Memori Hujan
Dia menggapai tangannya ke atas. Menyentuh tetesan hujan yang mulai turun dalam irama sendu. Aku terpaku menatap tanpa berkedip tetap terdiam seolah hanya kami berdua yang menikmati suasana hujan sore itu.
"Kau sudah siap?"
Channel membuka mata cepat. Kantuknya mulai pudar oleh teguran sosok di sebelahnya. Sang supir, Ridwan terus berbicara seolah berbisik sampai ketelinganya.
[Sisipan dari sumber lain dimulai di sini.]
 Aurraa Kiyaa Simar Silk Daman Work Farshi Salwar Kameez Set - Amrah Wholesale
"Siap?" Channel menguap pelan sembari menutupi mulutnya dengan punggung tangan. "Untuk apa?" lanjutnya.
Terdengar sahutan berisik dari belakang. Protes pada sikapnya yang terlihat enggan.
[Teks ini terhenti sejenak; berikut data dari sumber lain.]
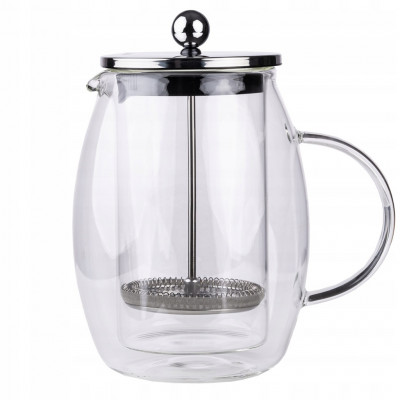 Zaparzacz do kawy i herbaty tłokowy french press szklany baryłka 0,6l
"Telmi bengetz! Bukannya Bu Channel siap untuk menjadi manager pengganti." ceplos cewek yang sibuk menata rambut panjangnya nan kemerahan.
"Semua udah diputuskan saat meeting tadi, kan!" seru cewek disampingnya. Diikuti sorakan kompak rombongan cewek di kursi belakang mobil.
Channel mengernyit jemari lentiknya menghitung girl band itu secara berurutan. Ia mengusap wajahnya yang tak gatal.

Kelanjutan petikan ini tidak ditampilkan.